Another health and nutrition threat from climate change: their ice cellars are melting, making it harder to freeze and store meat, and ice fishing is getting tougher as people fall through thinner ice on freezing rivers.
Down the hill, Amee Raval and Shina Robinson, organizers with the Asian-Pacific environmental network, explained that a key part of climate justice is making renewable energy accessible and affordable for low income people and communities of color. This “energy equity” requires public funding and community involvement to make these connections between low income communities and renewable energy, Raval said.
One small step in that direction: the California Public Utilities Commission now provides a 20 percent savings on solar energy to make it more accessible for lower income communities, according to Raval.
Building connections between renewable energy access and stable housing, along with community-based job creation, is key to solving this climate justice puzzle, Robinson added. “We want to make sure that the people in those buildings get to stay and enjoy these benefits” of solar access, she said. “We are mindful of every policy to make sure that job creation for communities of color is a part of it. When it comes to renewable energy jobs, she said, “is missing from those industries are folks of color and women.”

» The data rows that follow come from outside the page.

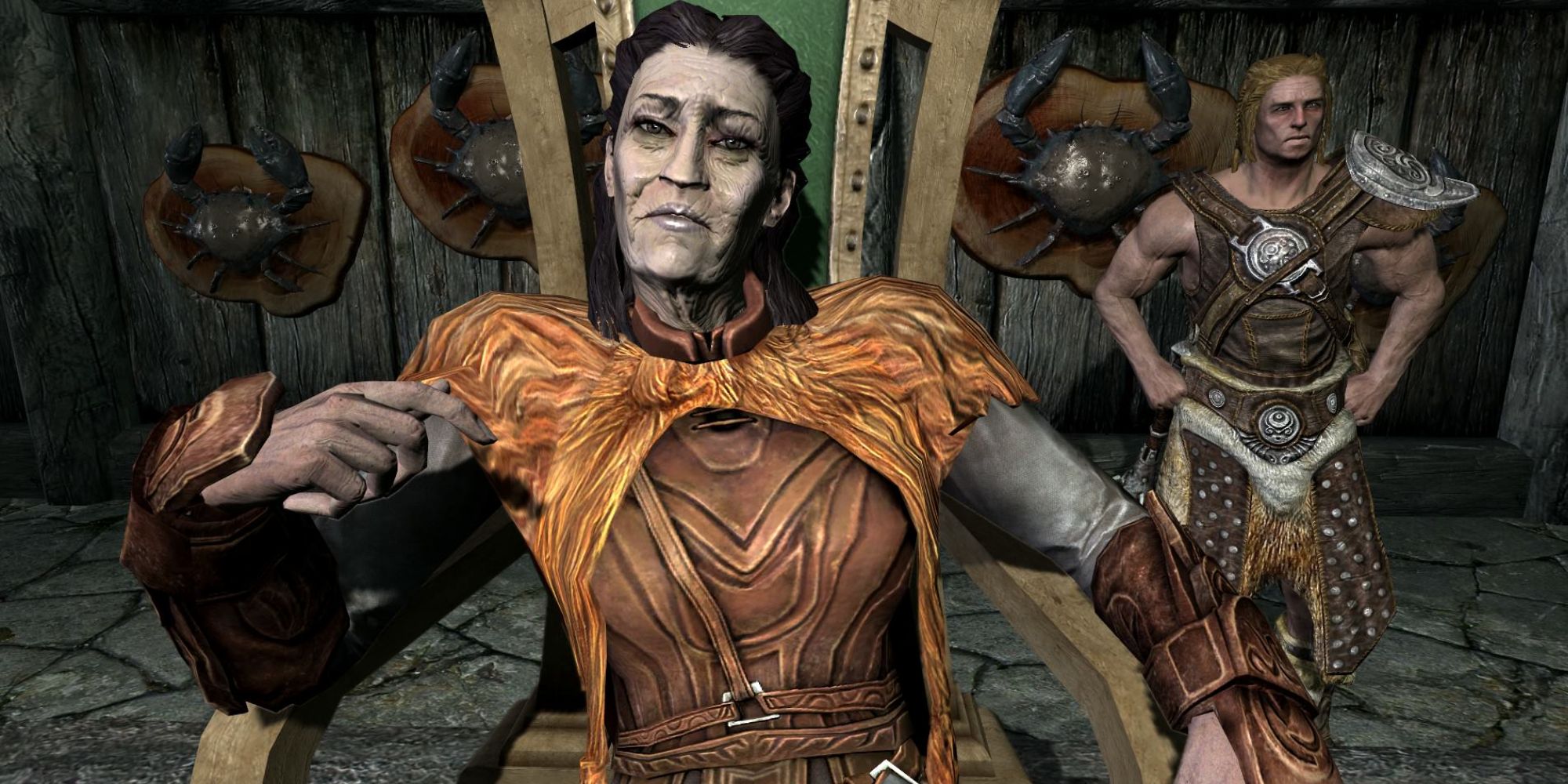 Jarl Idgrod Ravencrone sits in a chair and stares at the camera
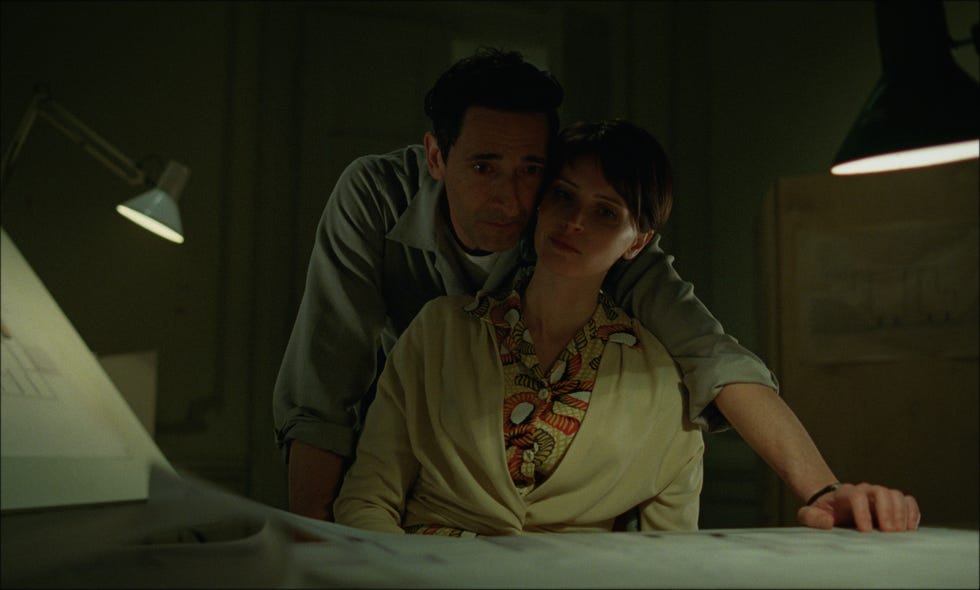 two individuals in a dimly lit room engaged in close proximity focused on a layout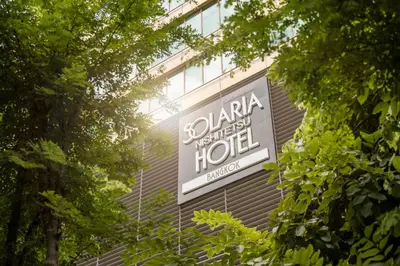 a sign for a hotel on the side of a building at Solaria Nishitetsu Hotel Bangkok in Bangkok
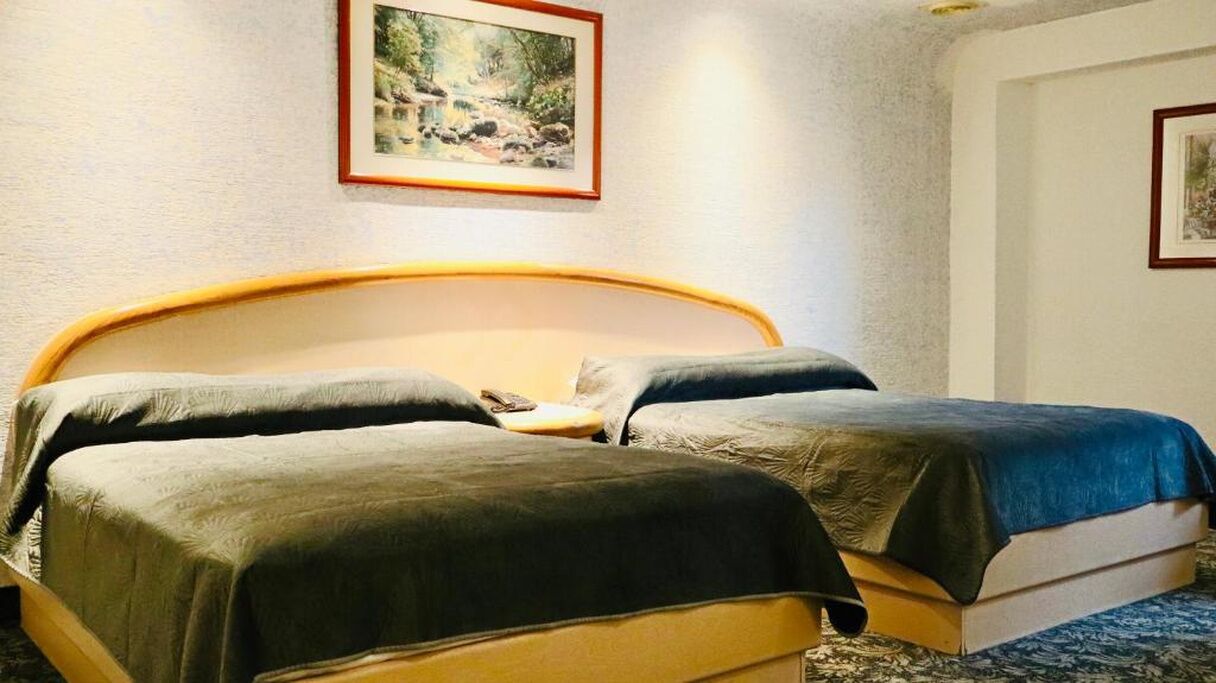 Una cama doble con cabecera de madera, dos almohadas y una manta azul.
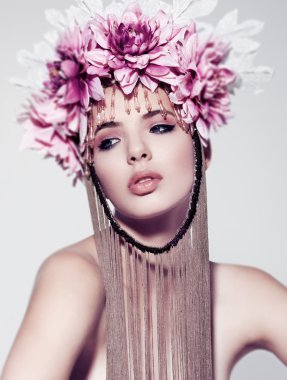 Güzel bir kadınla çiçek taç ve beyaz arka plan üzerinde makyaj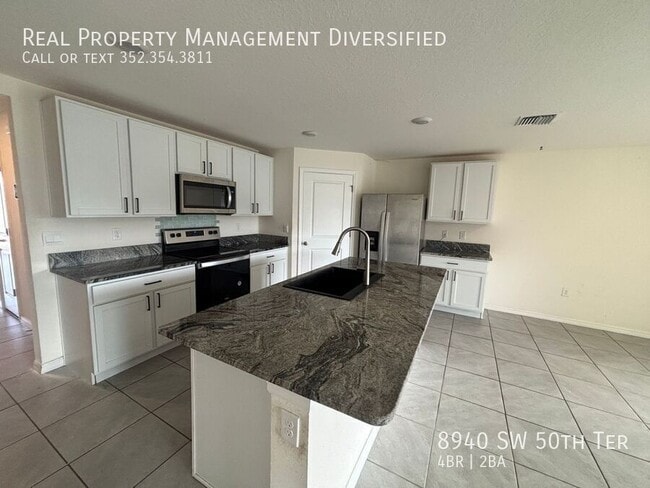 Building Photo - 8940 SW 50th Ter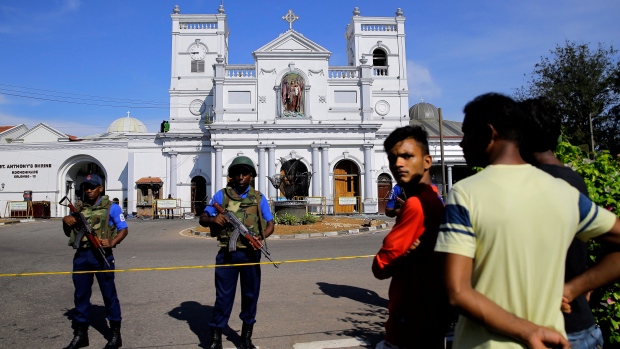 Sri Lankans gather outside St. Anthony's Shrine a day after the series of blasts, in Colombo.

Antonio Díaz, director of People Organized to Demand Economic and Environmental Rights, which hosted the Solutions event, stressed the importance of “showcasing on-the-ground climate resilience.” He pointed to community-based solutions such as Hummingbird Farm in the Excelsior, and efforts to create a new public park in the Mission. “Reclaiming public lands is part of building climate resiliency, especially in a city where gentrification is such a crisis and our community fabric has been torn,” he explained. “Here in San Francisco, what’s being commodified and extracted is land.”
Díaz noted that while San Francisco has been aggressive in reducing waste and emissions, “there’s something contradictory in a city that says it’s committed to sustainability and at the same time it displaces people” through evictions and gentrification—leading to more long-distance commuting, more traffic congestion, and more pollution. Linking climate and economic justice issues, Díaz said San Francisco needs to “make a commitment to be a zero-waste city and a zero-displacement city.”